I have to give a shout out to my husband, Adam Maness, from the SAS Data Management practice, for whipping the data into shape. Adam is a true data Jedi. He did all of the data work for the paper I linked to above, and used those same processes to ingest "The Force Awakens script." I downloaded the scripts from the Internet Movie Script Database.
For this quick analysis, I decided to pull the data into SAS Contextual Analysis. I thought, since I wanted to compare "A New Hope" and "The Force Awakens," it would be fun to look at topic clusters and see if there were any overlaps. Spoiler alert ... there are totally overlaps!
This first screenshot shows the topic clusters that were pulled out of "A New Hope." If you're a fan, none of these should be a surprise. We have a cluster about droids, followed by a cluster with Han and Chewie, followed by a little antagonist/protagonist action, and the list goes on.

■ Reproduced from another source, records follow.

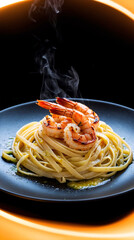 Rich fettuccine pasta topped with juicy prawns or shrimp served hot from the kitchen on a plate food photography wallpaper stock photo for menu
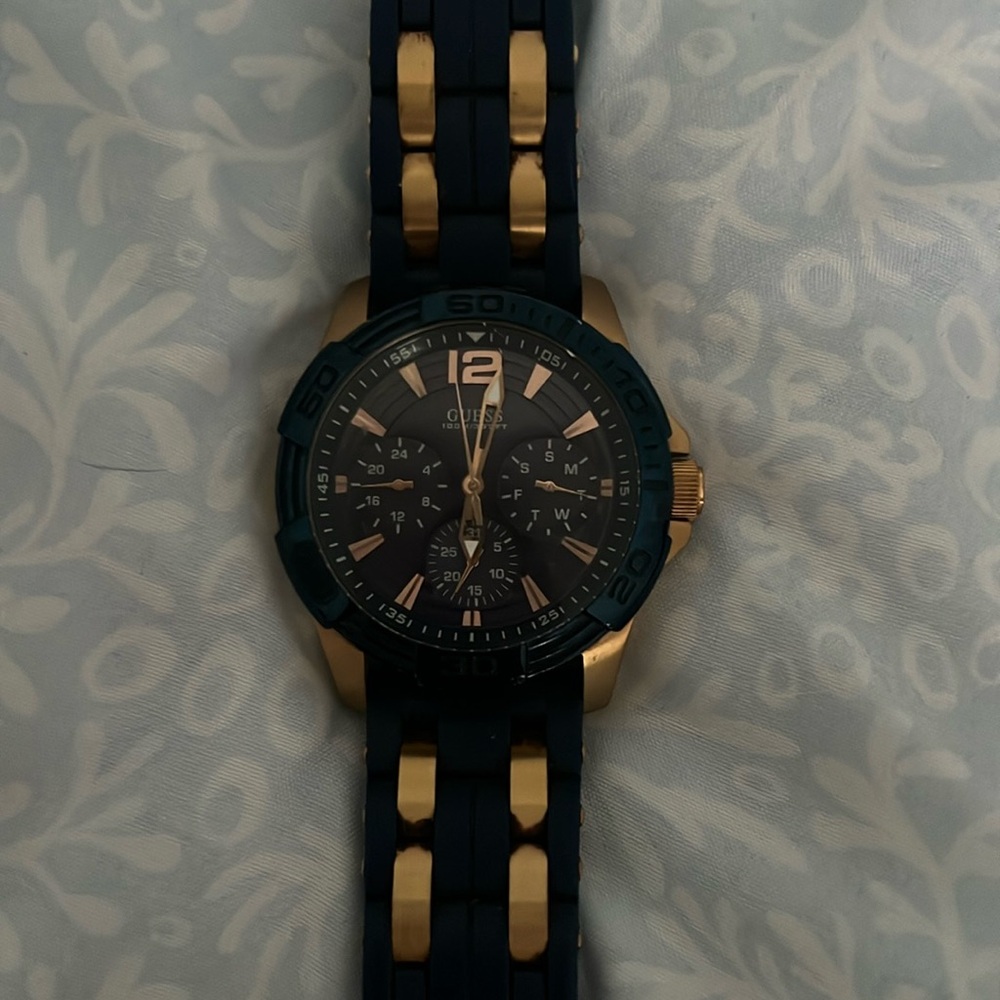 Men’s gold and blue guess watch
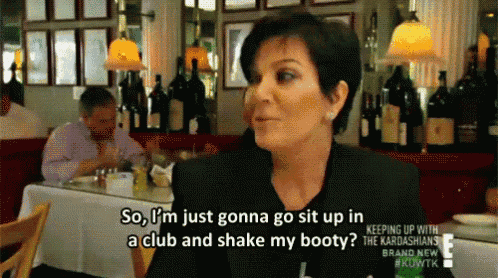 a woman is sitting at a table in a restaurant talking to a man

Here's a screenshot showing the topic clusters for "The Force Awakens:"
"The Force Awakens" clusters also include a droid cluster, a Han and Chewie cluster, and an antagonist/protagonist Kylo Ren and Rey cluster. If we look at the fourth cluster for "A New Hope," there's mention of the death star, the movie's planet-destroying super weapon. The sixth cluster for "The Force Awakens" mentions an oscillator, which is another planet-destroying super weapon. The oscillator cluster is also a cluster that contains pilots. "A New Hope" also has a pilot cluster that mentions the red and gold leader. Finally, the last cluster in both screenshots contain people that help fuel an untrained Jedi's quest for knowledge.

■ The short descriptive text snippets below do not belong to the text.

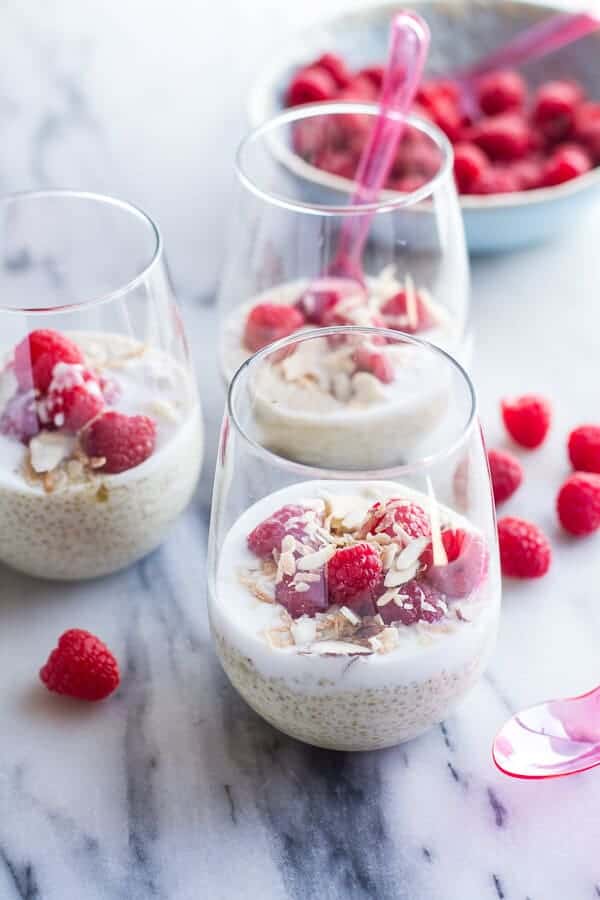 Vanilla Bean Coconut Quinoa Pudding with Honey Drizzled Raspberries | halfbakedharvest.com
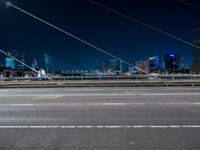 an evening view shows a city and its light trails down the street, with a bike lane to the left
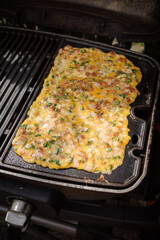 Omelette auf der Grillplatte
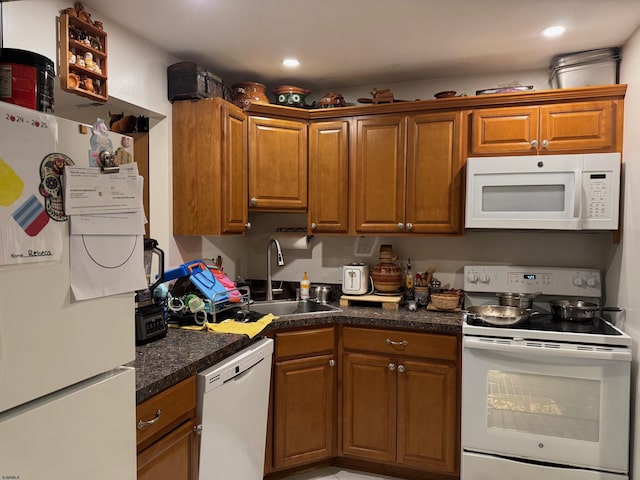 kitchen featuring sink and white appliances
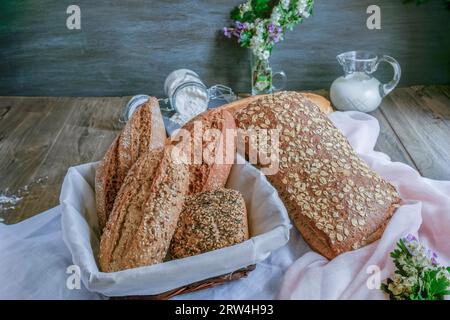 Miches et miches de pain artisanal rustique fait avec différents types de graines et farines, avec un pot de lait et un pot de farine sur blanc et rose Banque D'Images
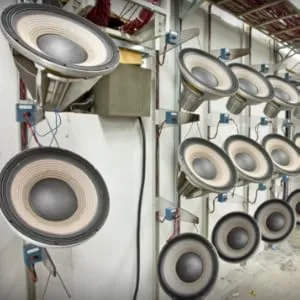 Interieur van de industriële wasruimte met meerdere grote commerciële wasmachines die aan de muur zijn gemonteerd, met ronde glazen deuren zichtbaar.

I thought it would be fun to look at a couple of word clouds in SAS Visual Analytics as well. Here's a word cloud from the beginning of "The Force Awakens" that deals with a crash on a desert planet with sand and dunes (Jakku).
...and a word cloud from "A New Hope" that mentions the Sandpeople and the desert on Tattooine.
What do you think? Did you love The Force Awakens because it felt a bit nostalgic? I'll let you decide, and feel free to weigh in in the comments! One thing is for certain, using analytics on Star Wars data is always fun. Consider this a first pass at this topic. I feel a disturbance in the Force that indicates a sequel. Stay tuned for more, and until then, may the Force be with you!